Sunday, July 10, 2005

gracious? pui~

oh man.
attended my sis's graduation ceremony today at nus.
initially it was exciting.
then i got boring.
lastly it got irritating.

just before the ceremony started,
there was a reminder to turn off all handphones,
or at least set them to silent mode.
however,
throughout the certificate presentation,
cellphones rang.
loud.

after that,
everyone rises for the national anthem
before and after the ceremony.
it would have been nice and proper
to show respect to the country
by standing at attention.
but there were people taking it as a cue
to bring out their cameras and start shooting.
they were educated people mind you...

ceremony's over and the audiences move out
into the reception area.
guess what?
everyone rushed at the sight of food,
afraid that none would be left
should they be any minute slower.
those people includes my parents and god-parents.
well i said nothing really.
but i thought it to be rather ungracious.
singapore is after all such a "fine" society

the irritating thing was, i guess, the adults.
they were overly excited and "gan cheong"
which made me rather "pek chek"
it seems to me as if they were fighting,
to speak throughout the ceremony.
and i dont know who to listen to.
so i shedded tears of frustration.
BAH~ lousy tear glands of mine...

Saturday, July 09, 2005

exciting trip

took a long long walk. i just could not stand to stay alone at home for too long. i walk and i walked and i walked.. from my house to hougang secondary, then took a turn and strolled the stretch of road along IMH and continued down that direction followed by another right turn just before i step into sengkang. i wasnt as brave as i thought i was. apparently, a car ran over some litter and emitted an exploding sound. i jumped, and was elevated 2-3 feet off the ground. subsequently it was all quiet and peaceful again, no one seems to mind the crack, and it was as though nothing happened at all. so i returned to concentrating on recognising where i'm trespassing. i got into buangkok region.. somewhere where only bus 27 travels and is totally unfamiliar to me. so i got worried. i was afraid i wouldnt know my way home from there. but i kept my strides going. and soon i reached that familiar area again. i was situated opposite monfort school. checking the time, i realised it wasnt early already. so i turned right like 101 does, and walked along that road until i am right before my block, right where i started from, again. and i went home..

-THE END-

-alone-again-

strawberry sundae and apple pie
to make up for being home alone
again

how....?

so i guess a guy and a girl cannot be close friends huh? so much for complaining about gender equality and sexism. everyone is stereotyping everybody else. it is all in the mind... yet along with it, comes about so much misunderstandings too. it seems pretty difficult to accept that...
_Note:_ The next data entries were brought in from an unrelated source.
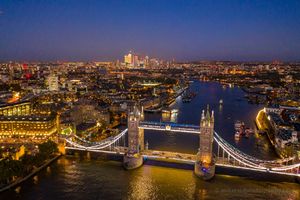 Over London Tower Bridge and Thames at Night DJI Mavic Pro 2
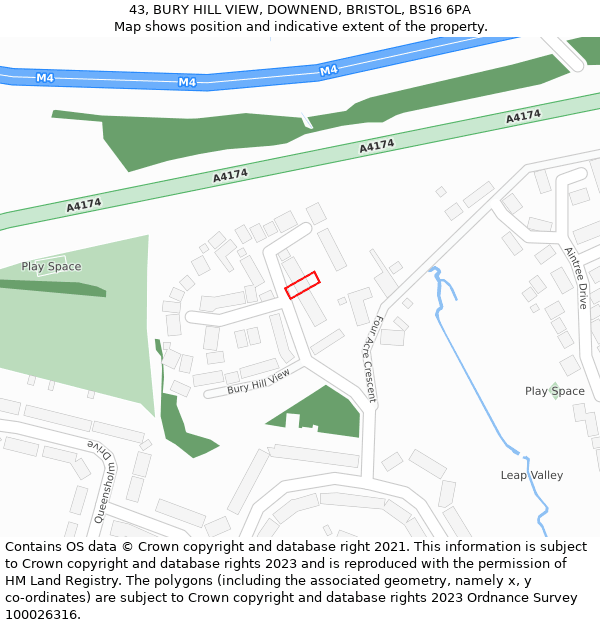 43, BURY HILL VIEW, DOWNEND, BRISTOL, BS16 6PA: Location map and indicative extent of plot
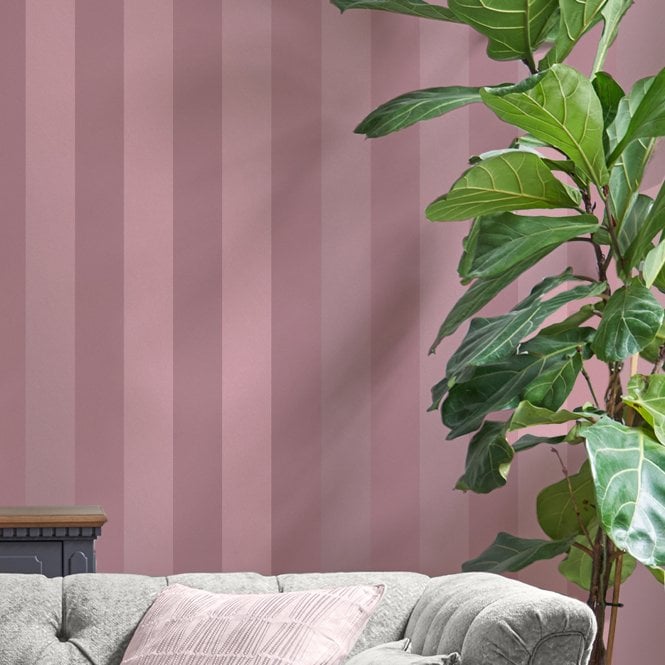 Laura Ashley  Lille Pearlescent Stripe Mulberry Purple Wallpaper 118477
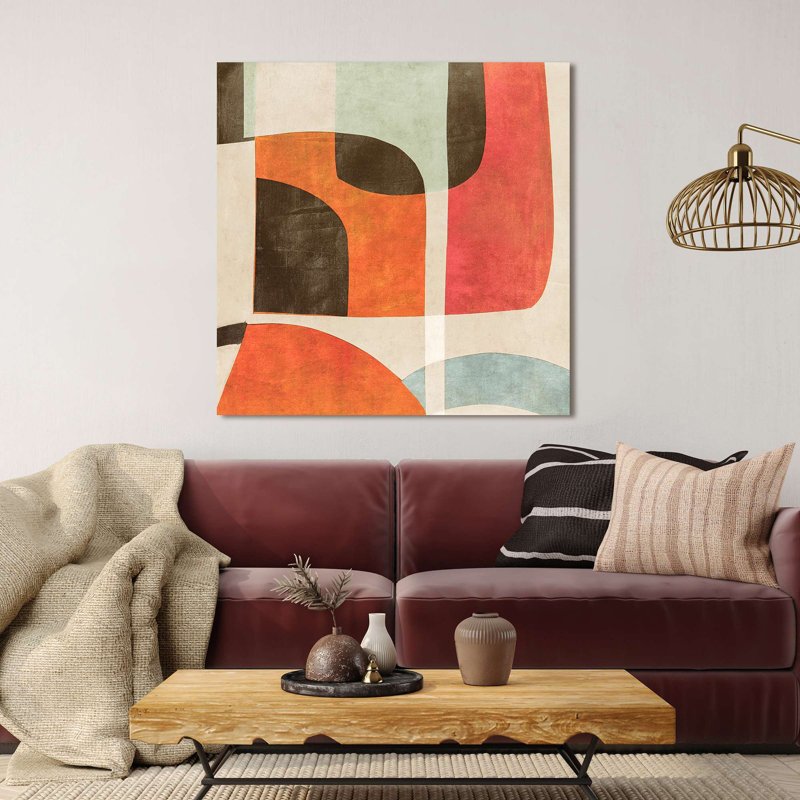 Abstract And Geometric Painting: Road To The Horizon I - Wrapped Canvas Print, 70cm H x 70cm W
my, am i not cut out to watch plays. basically their english was way above my standard, and i had difficulty trying to understand the various shows. then there were some plays where some prior knowledge on the topic was required. felt totally out of place... though there were particular scripts which were very interesting, but i too only understand parts and parcels here and there.

and hopefully things will turn out fine. or at least peaceful.

LYRICS: the blogskin which CCY dislikes. lols.

Friday, July 08, 2005

^3^

i wonder how easy it is to just forget about everything. it seems totally impossible, especially the way people are acting. i dont know how i'm ever gonna work my way out through this one ordeal. but surely there must be a way out just that i'm too pissed to think of it? the innocent people should not be pulled into the dispute..

argh.. got back my results. i cant believe it. i failed maths by a mark. never really improve for chem, but i think i did ok as compared to cohort. bio was horrible. wasnt exactly the first person to handle my exam script when they gave them back during lecture yesterday. bet i've literally told everyone THAT fateful story.. but, yeah i did very badly. an E.

euthanasia.. hmm? objection or approval?

Wednesday, July 06, 2005

great. school. tml.

school starts tomorrow.

the start to endless mugging. like it or not, play-time is up. the NEED to study hard have never been as great as it is now. i dont want to care what other people may think of me already. no point trying so hard anymore. if that is what they think, then let it be. i must say that i am indeed very disappointed, but i am not going to let the incident affect me any more than just disappointment. at least i know i have friends more worthy of my concerns. BAH~

signifying also, the beginning of a dilemma on how i should behave. i am so going to feel like a FAKE freak. but i guess it is better to leave things as they are. any more intrusion on my part is only going to make matters worse. be quiet. keep very very silent. no point crying over spilled milk. cant be bothered anymore. if that's how you treat, then i also have nothing to say.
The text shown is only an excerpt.